Public private partnership (PPP) projects for cargo terminals, particularly those handling containers, at Centre-owned major port trusts are in a dilemma over ordering Chinese cranes for their facilities after the government placed restrictions in July on vendors and service providers in China for public procurement tenders.
The decision aimed at strengthening defence and national security after skirmishes with China along the border is applicable to autonomous bodies, central public sector enterprises and PPP projects receiving financial support from the government or its undertakings.
PPP operators have taken the stand, backed by legal advice, that they are exempt from the new rule. Yet, they are jittery recalling instances where Chinese cranes were denied security clearances at some major ports even before the new rules were imposed.

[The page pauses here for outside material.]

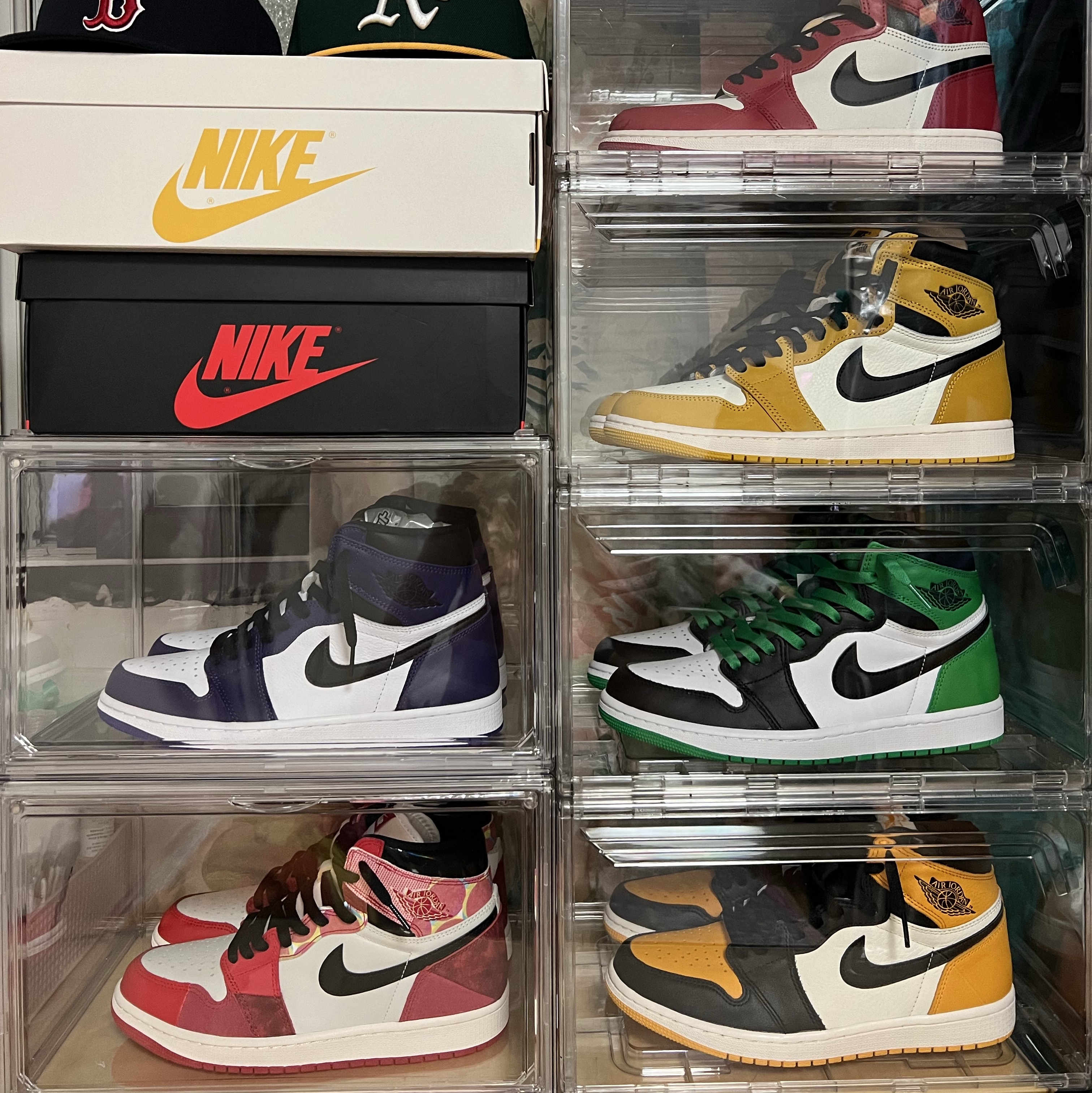 Jordan 1 Retro High OG Court Purple 2020, Jordan 1 Retro High OG Yellow Ochre 착용 스타일 - 1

There are reasons why operators prefer cranes from China, the top supplier of cargo handling gear. “Chinese port equipment are competitive in pricing and lead times,” said an executive heading the terminal operations at a private terminal. European gear is not only expensive but crane makers also take a much longer lead time to supply the equipment after the order is placed, he said.
For cargo terminals which have configured their operations to suit Chinese gear, the restriction on buying cranes from that country would pose a stiff challenge. This is more so when a terminal operator is looking to replace only a few cranes to comply with the terms of an agreement it has with the government-owned port authority. This would result in a situation where there are cranes of different makes in one terminal functioning simultaneously, rendering operations difficult. “At the crane operator level, they have to operate different equipment which reduces productivity, increases cost and complexity,” the managing director of a Mumbai-based terminal operating company said. Terminals will also have to depend on multi-skilled engineers for different equipment, he stated.
PPP operators are also concerned about sourcing parts for Chinese cranes already operational from other suppliers. There are more than 250 Chinese-made cranes operating at ports across India.